Image-text web data:
★ ★ ★ ★ ★ ★ ★
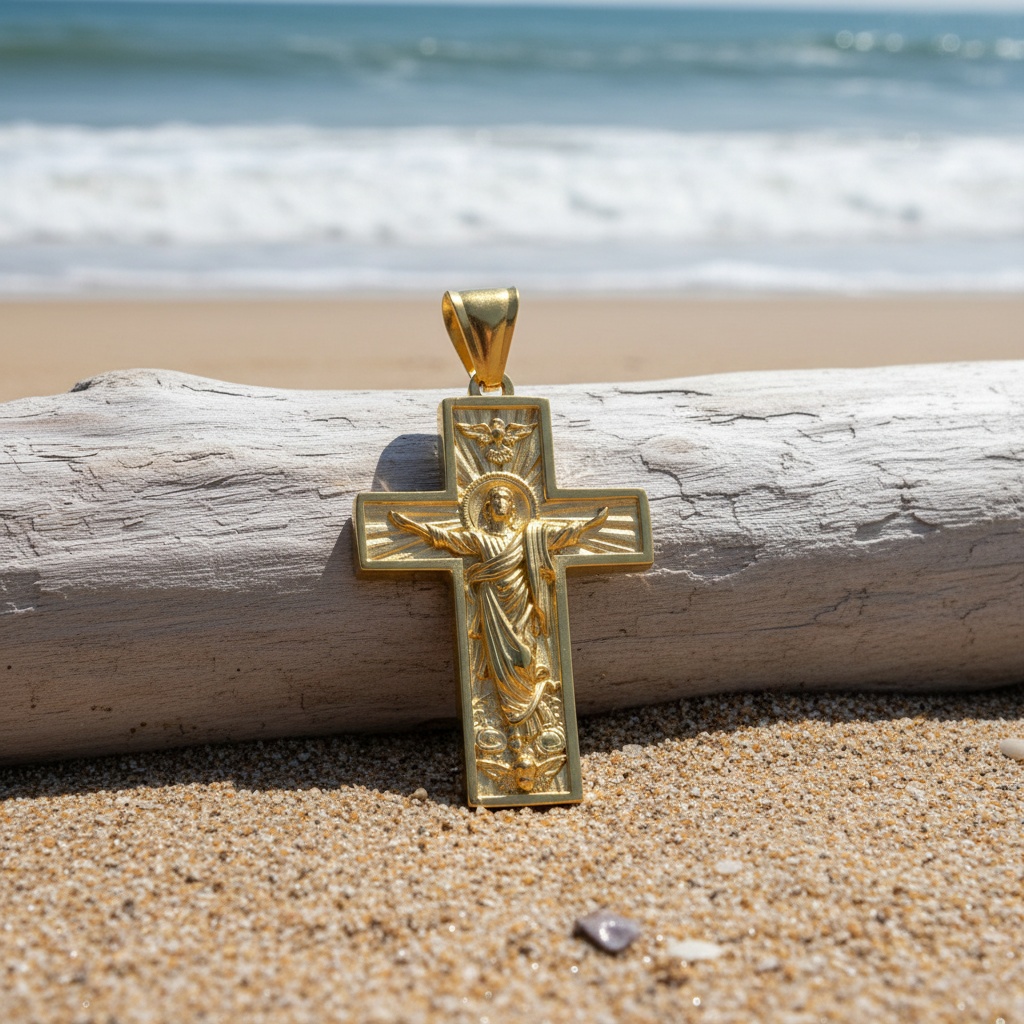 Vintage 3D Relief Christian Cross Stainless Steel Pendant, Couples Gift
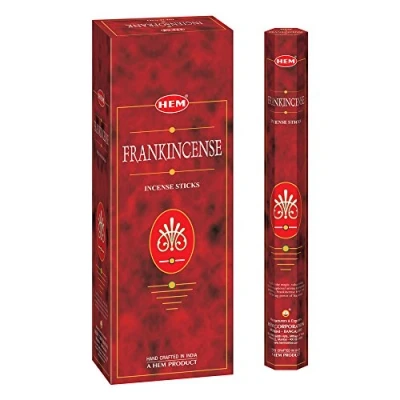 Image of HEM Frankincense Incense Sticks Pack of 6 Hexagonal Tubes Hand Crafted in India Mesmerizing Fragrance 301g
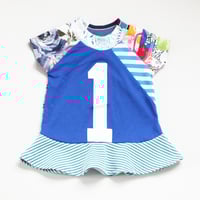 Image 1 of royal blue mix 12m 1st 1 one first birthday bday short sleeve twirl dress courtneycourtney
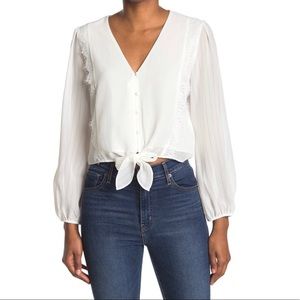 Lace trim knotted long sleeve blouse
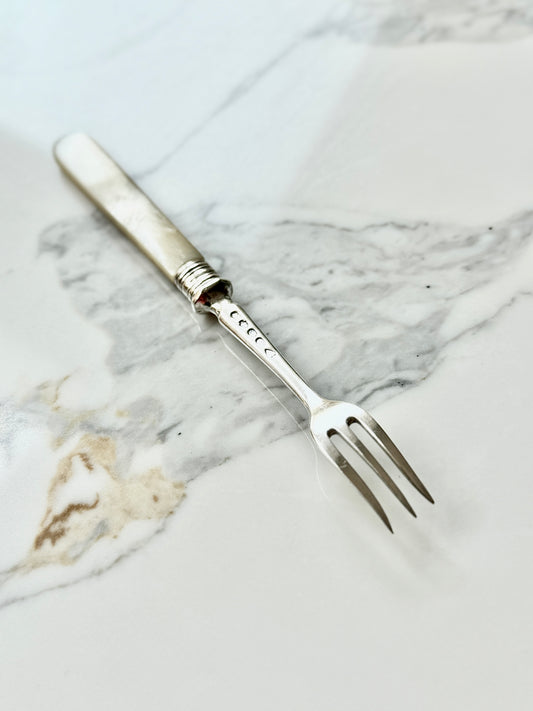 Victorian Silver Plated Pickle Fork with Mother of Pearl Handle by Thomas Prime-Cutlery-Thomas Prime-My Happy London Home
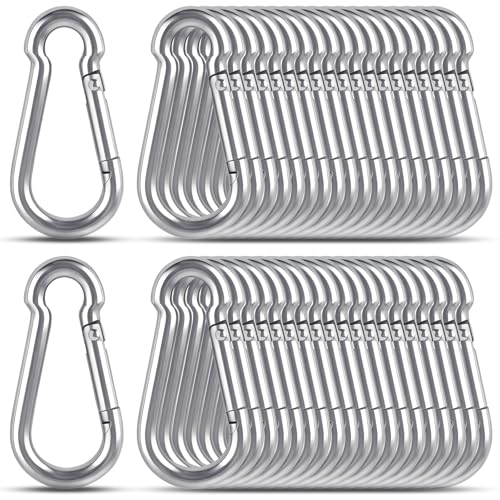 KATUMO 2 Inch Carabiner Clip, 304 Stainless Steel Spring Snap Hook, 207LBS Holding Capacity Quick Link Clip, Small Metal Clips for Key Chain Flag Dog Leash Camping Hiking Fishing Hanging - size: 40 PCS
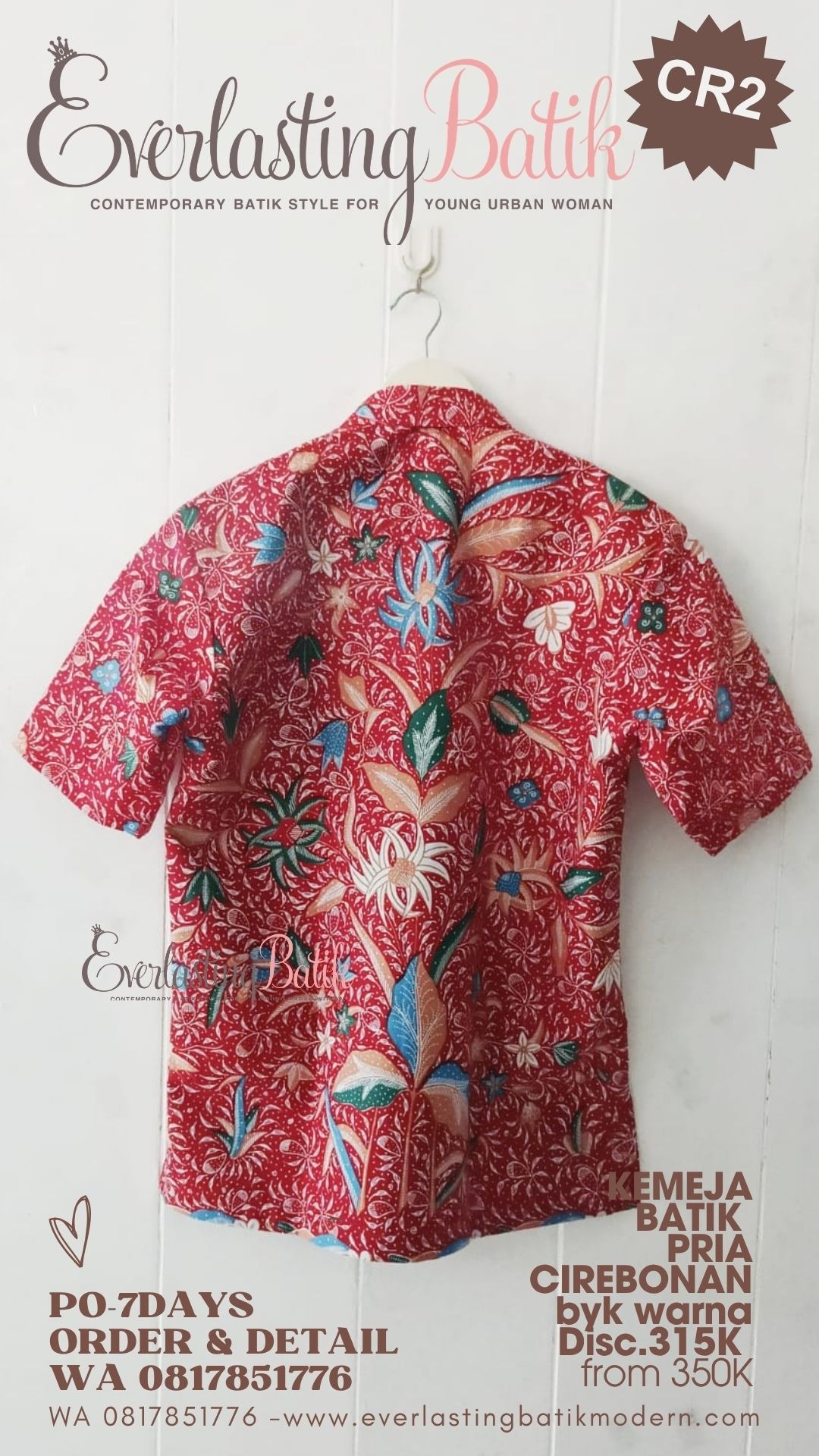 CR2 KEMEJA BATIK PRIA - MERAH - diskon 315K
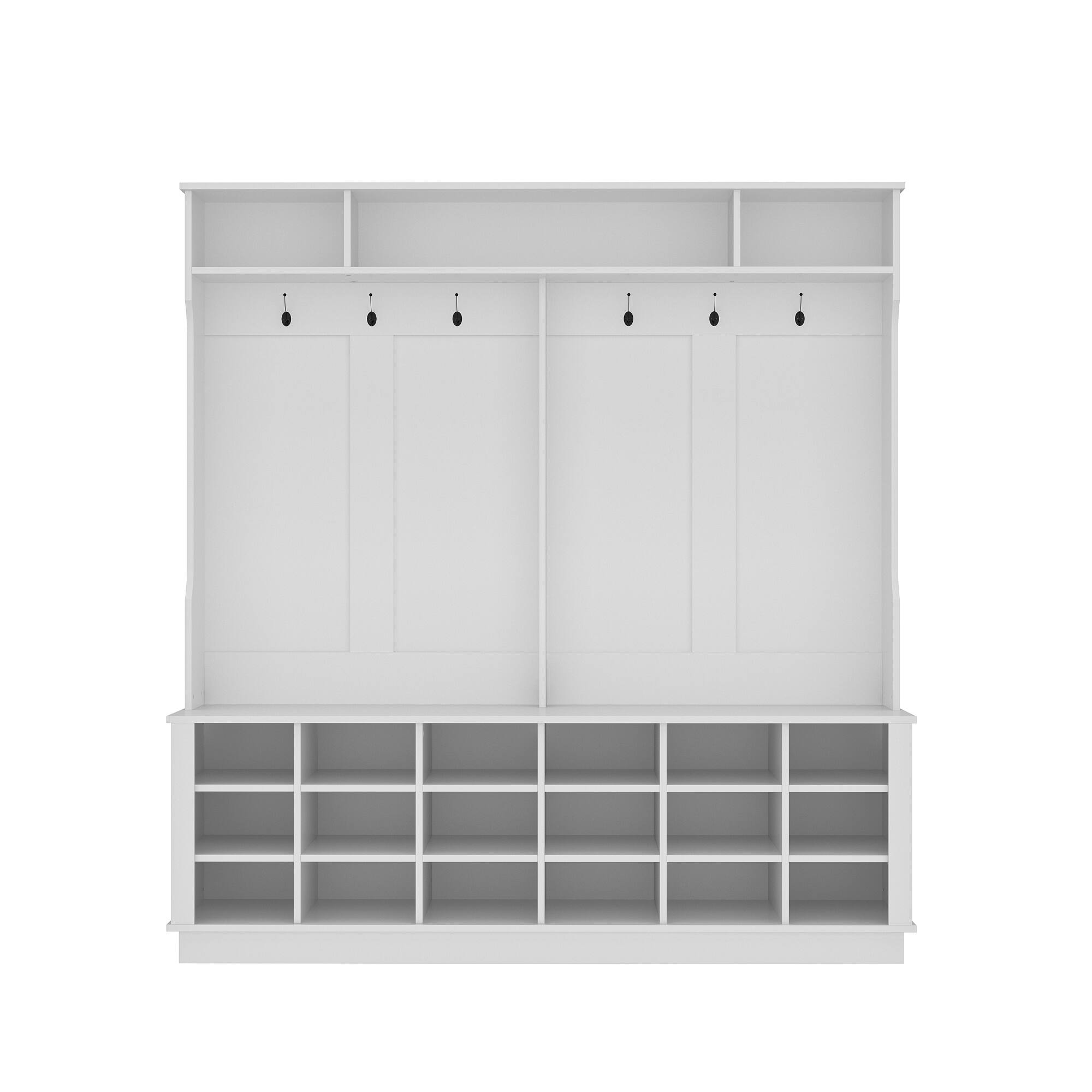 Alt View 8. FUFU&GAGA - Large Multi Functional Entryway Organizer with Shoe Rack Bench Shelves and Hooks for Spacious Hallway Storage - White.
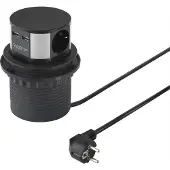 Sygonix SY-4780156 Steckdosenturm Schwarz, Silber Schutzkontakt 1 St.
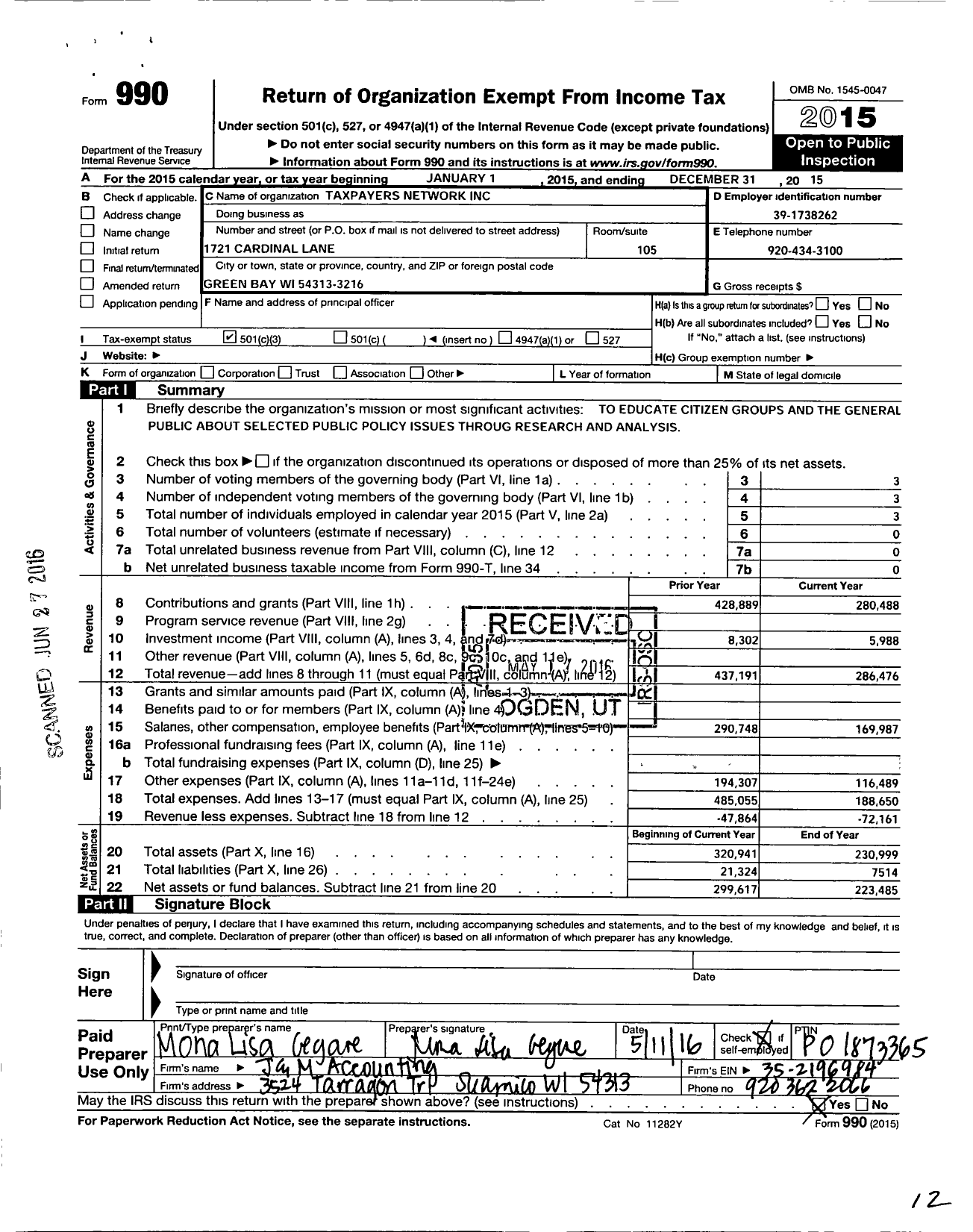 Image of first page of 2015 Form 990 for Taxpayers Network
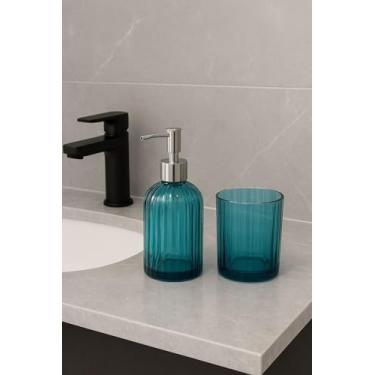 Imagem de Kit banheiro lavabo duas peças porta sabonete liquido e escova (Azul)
★ ★ ★ ★ ★ ★ ★
→ TASK TO CARRY OUT
Every line of the data above is to be set down exactly; the pictures are not.

→ RESULT OF THIS EXERCISE
 Vintage 3D Relief Christian Cross Stainless Steel Pendant, Couples Gift
 Image of HEM Frankincense Incense Sticks Pack of 6 Hexagonal Tubes Hand Crafted in India Mesmerizing Fragrance 301g
 Image 1 of royal blue mix 12m 1st 1 one first birthday bday short sleeve twirl dress courtneycourtney
 Lace trim knotted long sleeve blouse
 Victorian Silver Plated Pickle Fork with Mother of Pearl Handle by Thomas Prime-Cutlery-Thomas Prime-My Happy London Home
 KATUMO 2 Inch Carabiner Clip, 304 Stainless Steel Spring Snap Hook, 207LBS Holding Capacity Quick Link Clip, Small Metal Clips for Key Chain Flag Dog Leash Camping Hiking Fishing Hanging - size: 40 PCS
 CR2 KEMEJA BATIK PRIA - MERAH - diskon 315K
 Alt View 8. FUFU&GAGA - Large Multi Functional Entryway Organizer with Shoe Rack Bench Shelves and Hooks for Spacious Hallway Storage - White.
 Sygonix SY-4780156 Steckdosenturm Schwarz, Silber Schutzkontakt 1 St.
 Image of first page of 2015 Form 990 for Taxpayers Network
 Imagem de Kit banheiro lavabo duas peças porta sabonete liquido e escova (Azul)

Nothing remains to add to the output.